- Opening Delimiter -

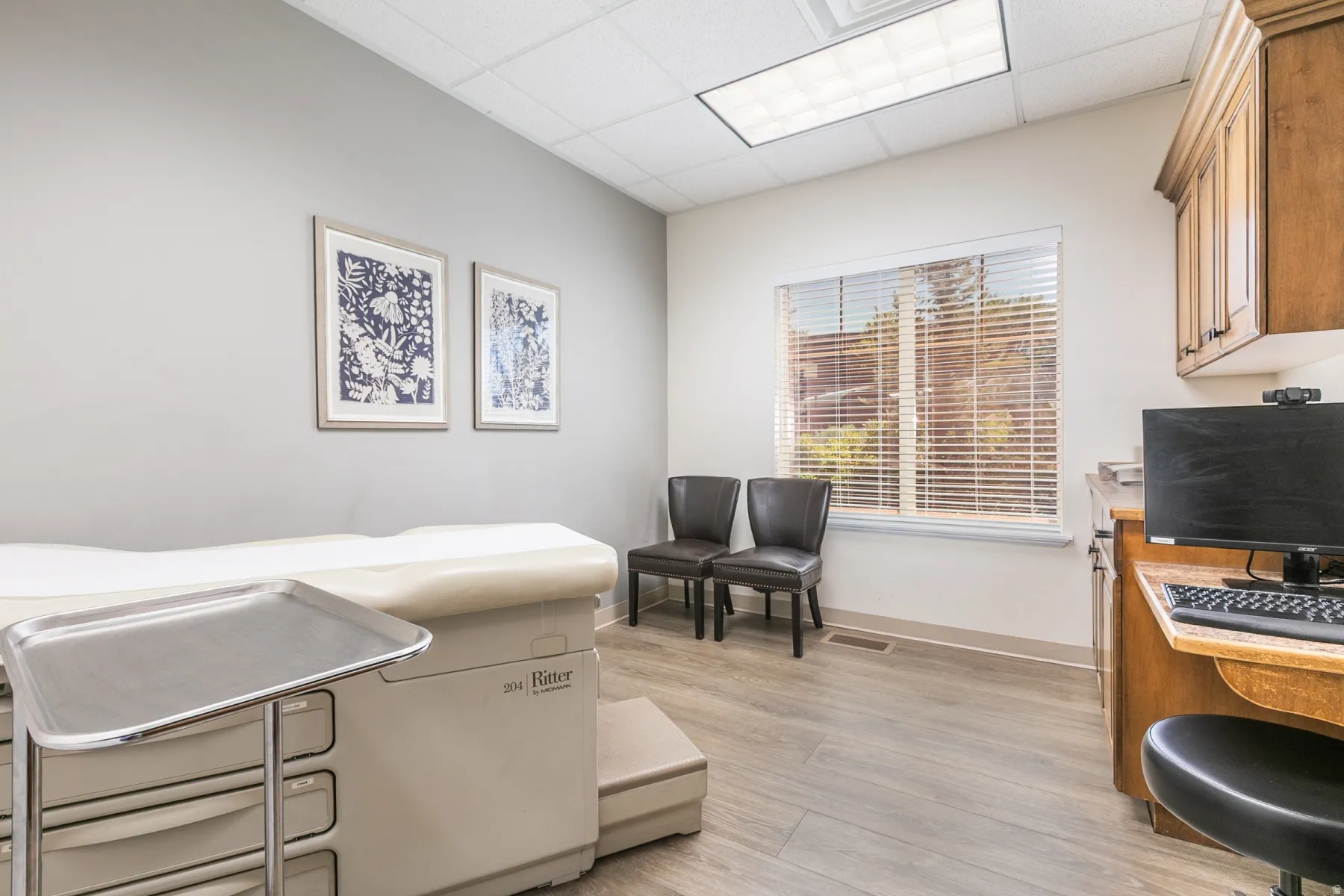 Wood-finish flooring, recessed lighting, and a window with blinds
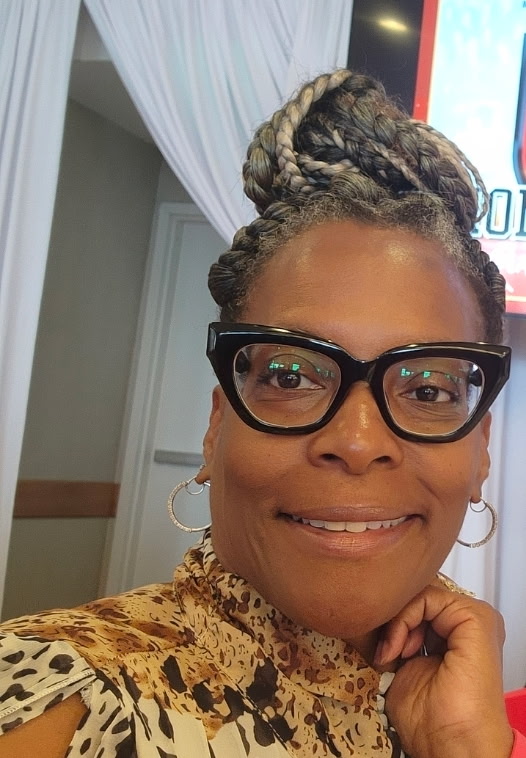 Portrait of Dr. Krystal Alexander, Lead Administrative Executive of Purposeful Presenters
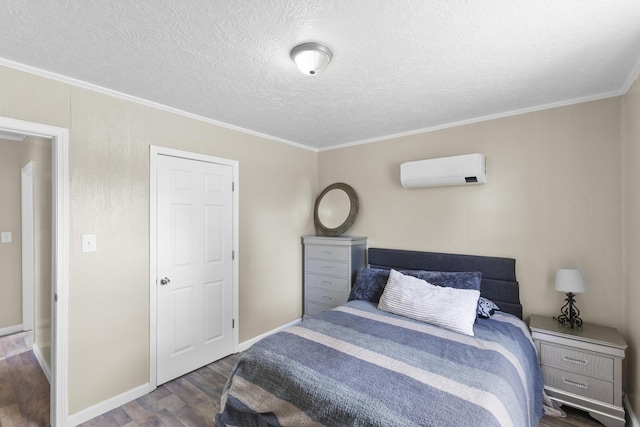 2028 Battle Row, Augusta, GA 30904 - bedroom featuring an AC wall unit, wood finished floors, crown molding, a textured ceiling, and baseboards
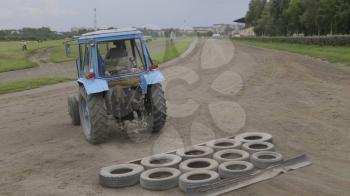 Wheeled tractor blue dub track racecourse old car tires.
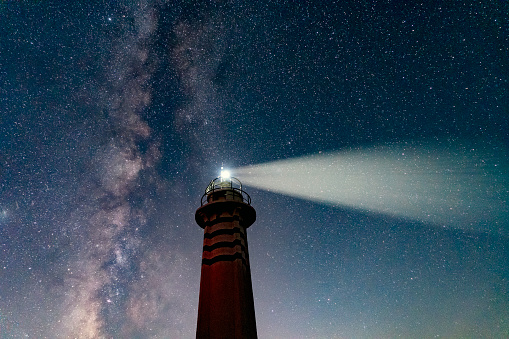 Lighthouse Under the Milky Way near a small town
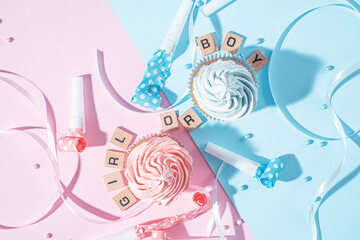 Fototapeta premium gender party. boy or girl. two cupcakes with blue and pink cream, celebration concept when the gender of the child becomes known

- Closing Delimiter -

#### TO DO
Take the line containing "Wheeled tractor blue" and every line after it to the end of the records, and restate them verbatim, with no pictures.

#### EXERCISE RESULT
 Wheeled tractor blue dub track racecourse old car tires.
 Lighthouse Under the Milky Way near a small town
 Fototapeta premium gender party. boy or girl. two cupcakes with blue and pink cream, celebration concept when the gender of the child becomes known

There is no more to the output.